=== Directions for this task ===
Copy the lines below word for word, skipping any image.

=== Provided data ===

_ _ _ _ _ _ _

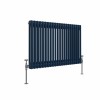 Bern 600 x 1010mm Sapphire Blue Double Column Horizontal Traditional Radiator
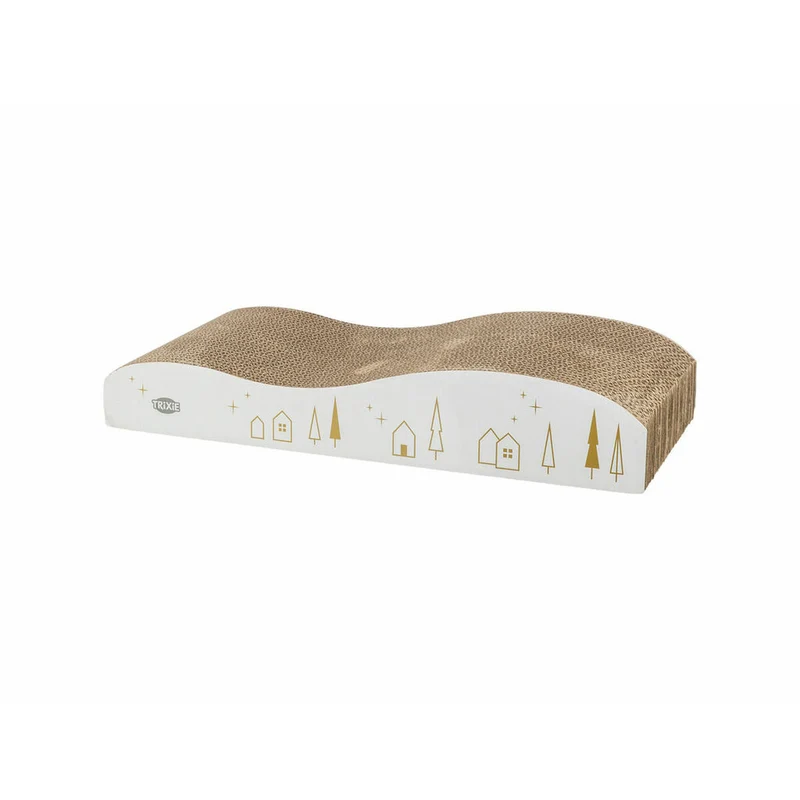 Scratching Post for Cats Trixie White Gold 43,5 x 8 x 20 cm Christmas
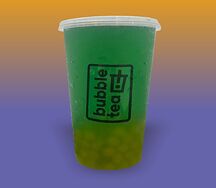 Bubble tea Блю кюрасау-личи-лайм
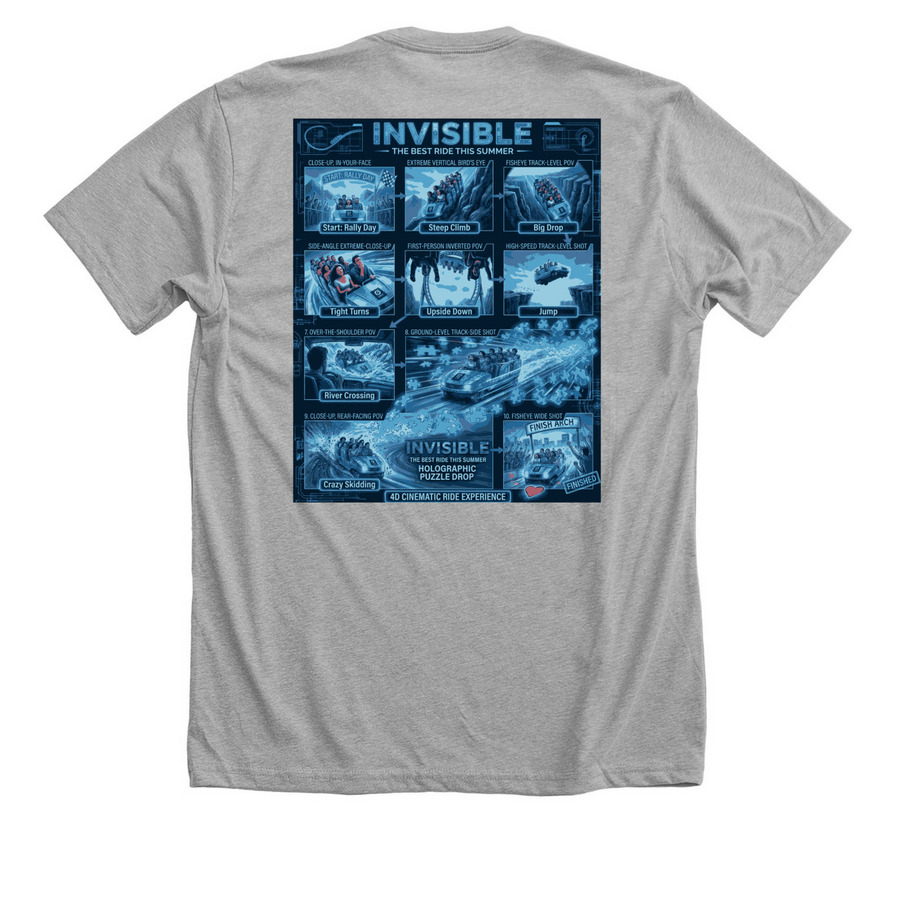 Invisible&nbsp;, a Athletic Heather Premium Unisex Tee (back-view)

_ _ _ _ _ _ _

=== Solution to this problem ===
 Bern 600 x 1010mm Sapphire Blue Double Column Horizontal Traditional Radiator
 Scratching Post for Cats Trixie White Gold 43,5 x 8 x 20 cm Christmas
 Bubble tea Блю кюрасау-личи-лайм
 Invisible&nbsp;, a Athletic Heather Premium Unisex Tee (back-view)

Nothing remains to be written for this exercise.